WHAT THE EXERCISE ASKS:
Without the pictures, set down everything in the listing exactly.

DATA SEGMENT:

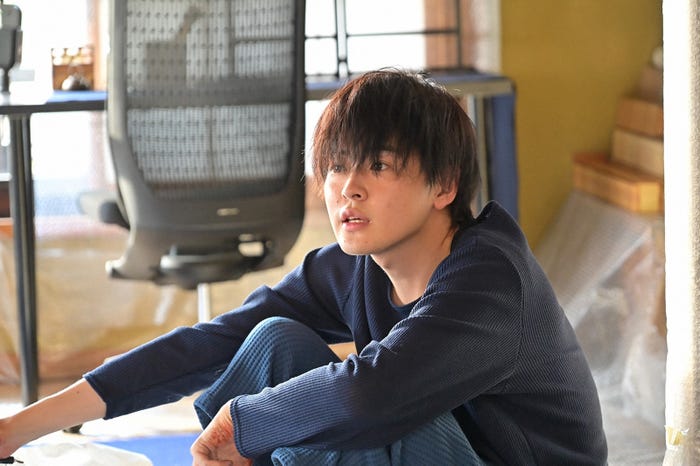 望月歩「石子と羽男―そんなコトで訴えます?―」第9話より(C)TBS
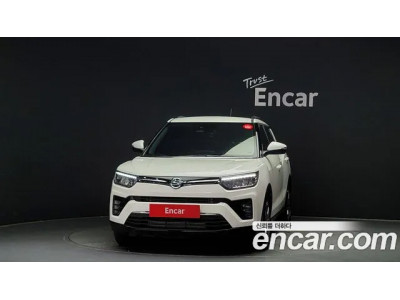 KG Mobility (Ssangyong) Tivoli 2023 г.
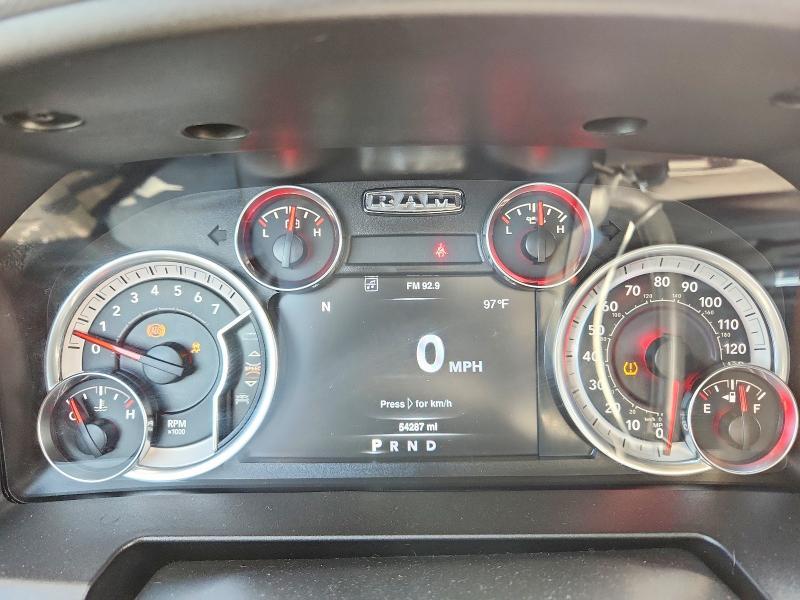 2019 Dodge RAM 1500 Classic Tradesman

EXERCISE ANSWER:
 望月歩「石子と羽男―そんなコトで訴えます?―」第9話より(C)TBS
 KG Mobility (Ssangyong) Tivoli 2023 г.
 2019 Dodge RAM 1500 Classic Tradesman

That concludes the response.